What there still is to do to 'win' the game.
Well, my perspective of winning is a bit skewed, because I think it means I can do whatever I wish, including going for both of the bigger endings. Or not.
If I wanted a 'hard' timer...
The timer is not hard, you can increase it with sacrifices. But it's always there, reminding you that you can't just laze about like Smaug. Look what happened to
him, even without a demon invasion!
Fair enough. I still don't want to play with passive decay while I'm basically a big snake keeping a low profile.
Well, you're a snake who has to become a proper dragon ASAP.
Or else.
Possibly just the archmage quietly restoring seals, while the king doesn't demand his attention, since I think I recall you having stated that the archmage is one of the few really against the demons somewhere.
It's a possible interpretation. My take on this is that since there exist
dark archmages, and the Capital needs both protection and someone to keep the politics sane, he really can't go anywhere long enough to matter. It's a pretty common trope, being a mage of awesome power who can't really use it because he'll upset the status quo.

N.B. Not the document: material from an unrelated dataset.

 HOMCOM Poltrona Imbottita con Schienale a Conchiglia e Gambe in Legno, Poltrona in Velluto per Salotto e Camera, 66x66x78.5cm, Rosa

The King is a paranoid narcissist who might be fine with a sword and leading a battle. But as to effective government, he's like most historical kings: useless where it counts.
After all, from my understanding you start as a cat-sized snake, not a dangerous dragon.
But you're the Dark Lady's progeny, and people remember that. Plus,
someone might have spread around a few rumours that there's a new dragon about.
Or the more reasonable interpretation: the minimum seal decay is what the cultists perform as a sort of background noise, what with the King being a self-centered asshat and the Kingdom going complacent after the war with the Lady. People would go after them when the seals go down
a lot, but with the dragon, they are always thinking "what if it's worth it?"
Edit: Or let me put it this way: the goal of the mod is to survive and prosper as a dragon, overcoming various challenges. It is not to 'experience' the game, because the experience is not particularly deep from a VN or RP point of view. That is, there are lots of better written games with far more consistent and likely nicer art, even ones featuring a monster protagonist. It's basically the same difference as there was between Civ5 and the previous Civs: the former was massively more popular because the default game experience was no longer that of a strategy game. It was 'roleplaying' a rather small culture. Same thing here. Edit2: And DMM is
not Civ5 in the above example.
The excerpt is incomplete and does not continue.